BEGIN DATA EXCERPT
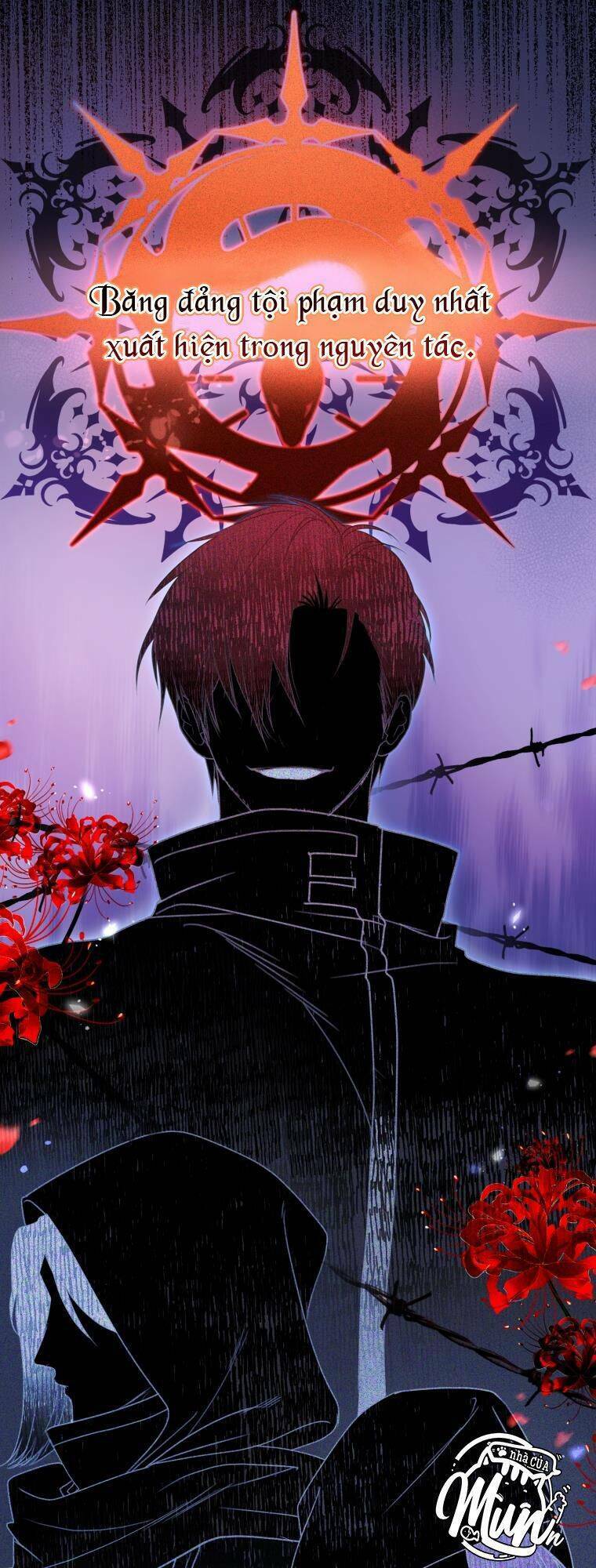 Nhà Điều Chế Nước Hoa Độc Quyền Của Bạo Chúa Chap 54 - Next Chap 55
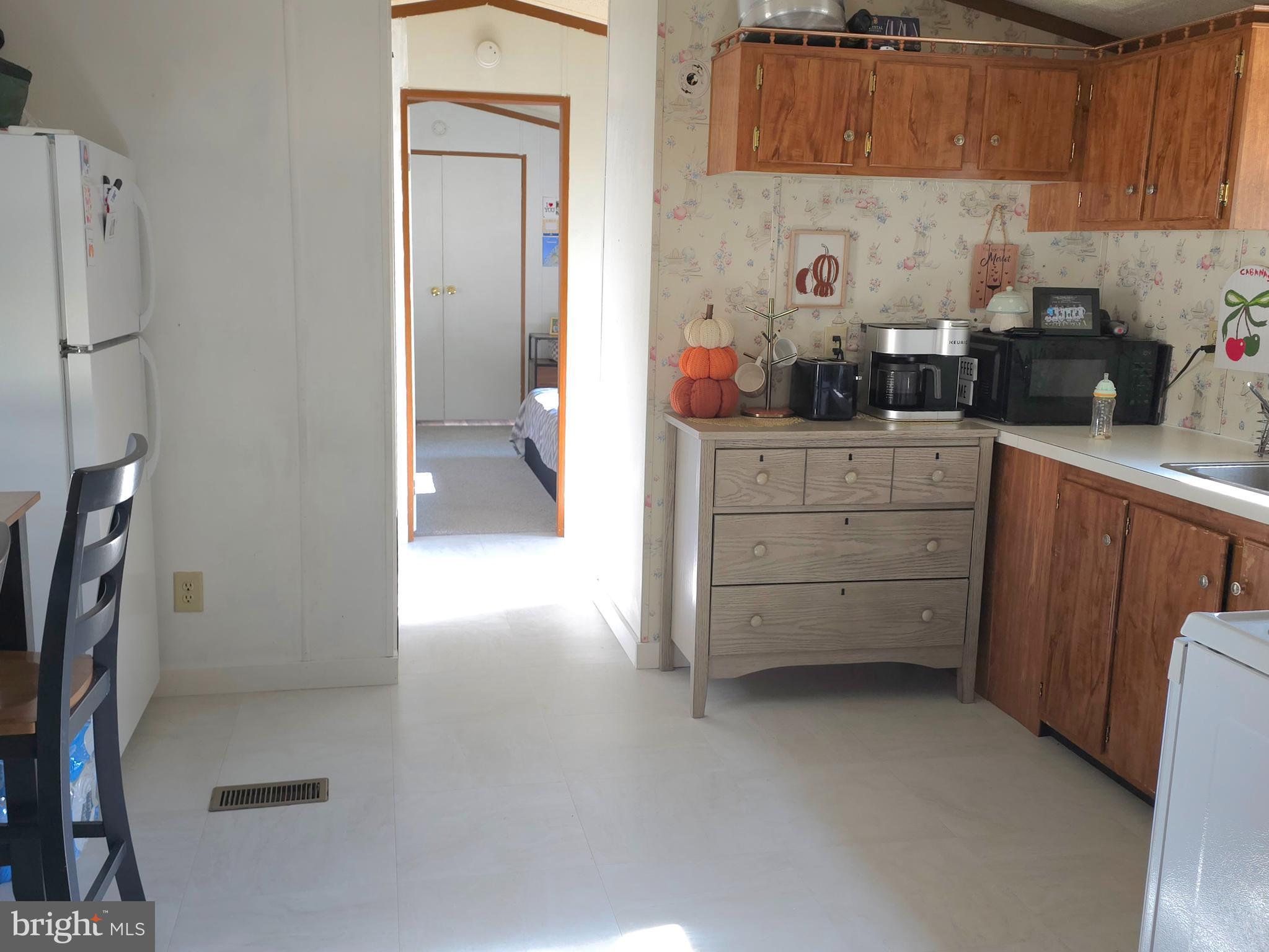 SHIPPENSBURG MOBILE ESTATES - Residential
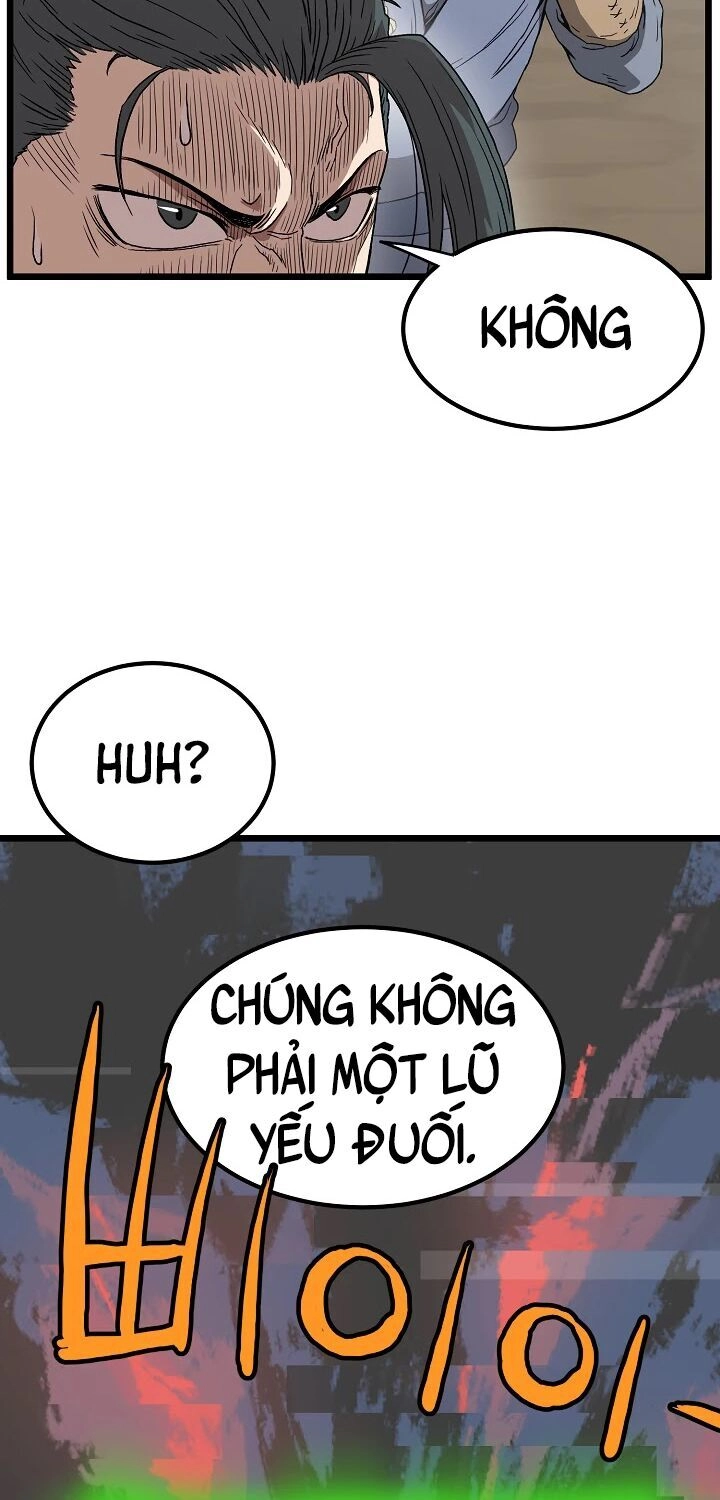 Đăng Nhập Murim Chapter 35 - 53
END DATA EXCERPT
**REQUIREMENT:** Retype the full listing above precisely. Exclude each picture you find in it.

**RESPONSE BOX:**
 Nhà Điều Chế Nước Hoa Độc Quyền Của Bạo Chúa Chap 54 - Next Chap 55
 SHIPPENSBURG MOBILE ESTATES - Residential
 Đăng Nhập Murim Chapter 35 - 53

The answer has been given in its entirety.